Lapar dan dahaga yang kita rasakan selama berpuasa, sesungguhnya sebuah pembelajaran untuk menumbuhkan empati pada saudara-saudara kita yang kurang beruntung. Dari situ akan membuahkan ikatan solidaritas sesama muslim tanpa disekati status sosial ekonomi yang berbeda.
Maka nilai kelulusan yang baik adalah manakala setelah idul fitri, kita menjadi lebih rendah hati dan “down to earth” dalam pergaulan dengan berbagai kalangan yang –baik secara materi maupun keilmuan- lebih rendah di mata kita. Terlebih kerendahan hati itu berbuah kesediaan berbagi. Tentu itu wujud nilai kelulusan yang sempurna.
Ketiga, pengendalian diri.
Ketika yang halal dan berpahala, menjadi terlarang dan berdosa di saat bulan Ramadhan, jelas sekali seolah Allah hendak mengukur sekuat apa kepatuhan kita pada-Nya untuk mengalahkan dorongan nafsu diri. Kemampuan kita mensubordinasikan kehendak nafsu di bawah kehendak Tuhan di saat Ramadhan, memiliki dampak yang luar biasa dalam menyikapi kehidupan yang penuh godaan, setelah idul fitri.
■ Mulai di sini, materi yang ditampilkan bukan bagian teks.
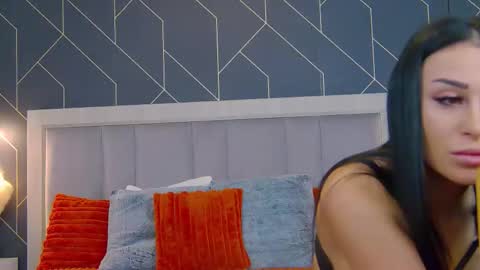  Emy  online show from January 14, 2026, 6:19 am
Tinggal, apakah kepatuhan kita itu hanya berhenti di akhir Ramadhan ataukah justru makin menguat sesudahnya.
Apabila setelah Ramadhan, kepatuhan kita makin kuat dengan menjadikan Allah dan Rasulnya sebagai prioritas utama acuan perilaku keseharian kita, maka bisa jadi nilai kelulusannya berpredikat cum-laude.